Mutation effects on accommodation rate with cognate UUU codon. Accommodation was monitored by fMet-tRNA^fMet(prf) fluorescence change. Initiation complex, 0.4 μm; EF-Tu, 1 μm; Phe-tRNA^Phe, 0.2 μm; GTP, 200 μm. With one exception (U55A) curves are fit to a double exponential equation. For WT Phe-tRNA^Phe and most variants, the large decrease in the first reaction phase corresponds to accommodation, and it is followed by a small, slow decrease in the second phase of unclear origin, possibly because of a minor amount of misfolded tRNA. For U55A, which binds ternary complex slowly and with low stoichiometry, the first phase is not clearly distinguishable from the second, and results are fit with a single exponential. Relative amplitudes are observed changes for 0.2 μm ternary complex added and are thus corrected for incomplete TC formation, using the K_d values in Table 2. Monitoring of P-site tRNA^fMet does not permit observation of initial binding of Phe-tRNA^Phe to the A/T-site.

FIGURE 4.

Misreading assays with CUC codon. A, single turnover GTPase.
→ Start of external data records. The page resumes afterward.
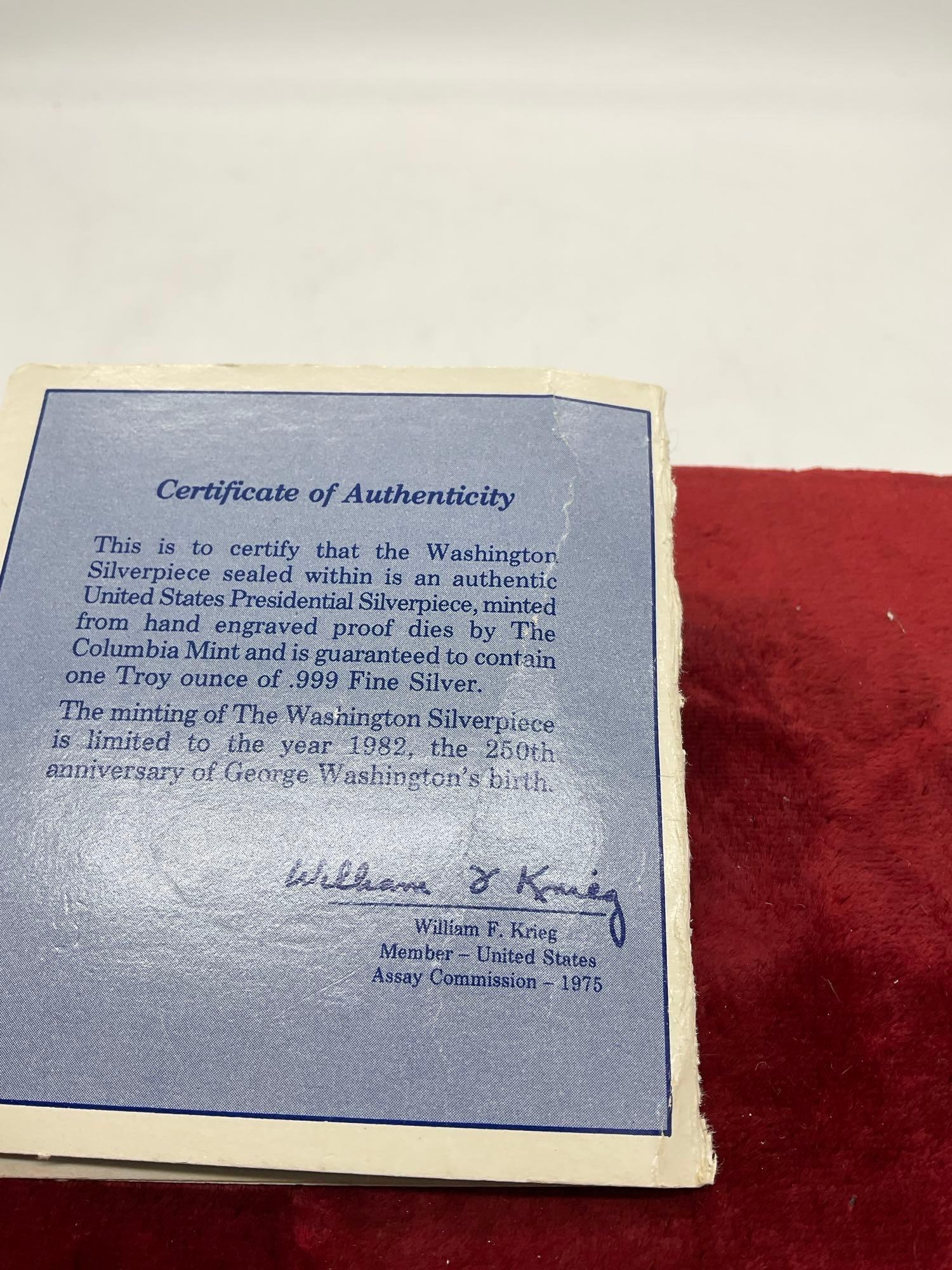 1982 George Washington 250th Anniversary .999 One ounce silver Proof Round in sealed Display - 5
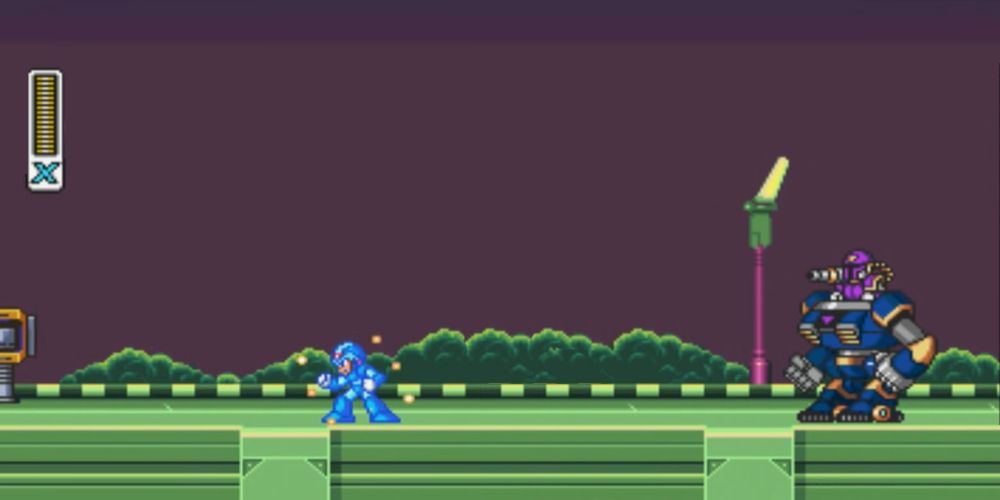 Mega Man X: Vile appears in this introductory stage, X is charging his shot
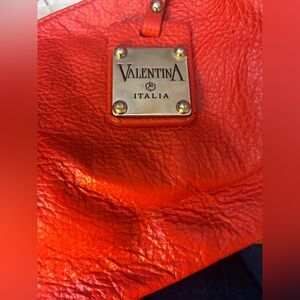 Valentina Tomato Red Leather Shoulder Bag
B and C, kinetic profiles for dipeptide formation. Data from 0 to 30 s were taken using quenched flow. Initiation complex, 0.4 μm; EF-Tu, 0.4 μm; Phe-tRNA^Phe, 0.2 μm; GTP, 200 μm. Curves in A and C are fit to single exponential equations. Curves in B are fit to scheme 1 in D using Scientist, and setting k₁ equal to k′_GTPase determined in A (Table 3). Virtually identical fits were obtained if r values were set equal to R - 1 (Table 3). D, scheme 1, which accounts quantitatively for the results presented in B. k₃, determined by fitting, is equal to 0.005 s^-1 and reflects the amount of EF-Ts in the reaction mixture as a contaminant of EF-Tu (21). Adding EF-Ts (1 μm) to the reaction mixture (light blue trace in C) strongly accelerates dipeptide formation. k₂ is not evaluated but is ≫k₃. No reaction is observed when EF-Tu is omitted (C), showing that dipeptide formation does not proceed from nonenzymatic binding of Phe-tRNA.

FIGURE 5.

Apparent rate constants for dipeptide formation, UUU versus CUC. Relative apparent rate constants of dipeptide formation. White bars, UUU codon; black bars, CUC codon. Under the reaction conditions employed, the rate constants for WT Phe-tRNA^Phe are 2.2 s^-1 and 0.033 min^-1, respectively.

FIGURE 6.

Apparent rate constants for translocation with tRNA variants in the A- or P-sites. Comparison of the relative apparent rate constants for translocation of PRE-TR complexes containing either A-site (white bars) or P-site (black bars) variants. For A-site variants, translocation is measured by fMet-Phe-puromycin formation. Results for P-site variants are taken from Pan et al. (9), in which translocation was measured by the fluorescence change in fMet-Phe-tRNA^Phe(prf). Both assays of translocation give essentially the same results.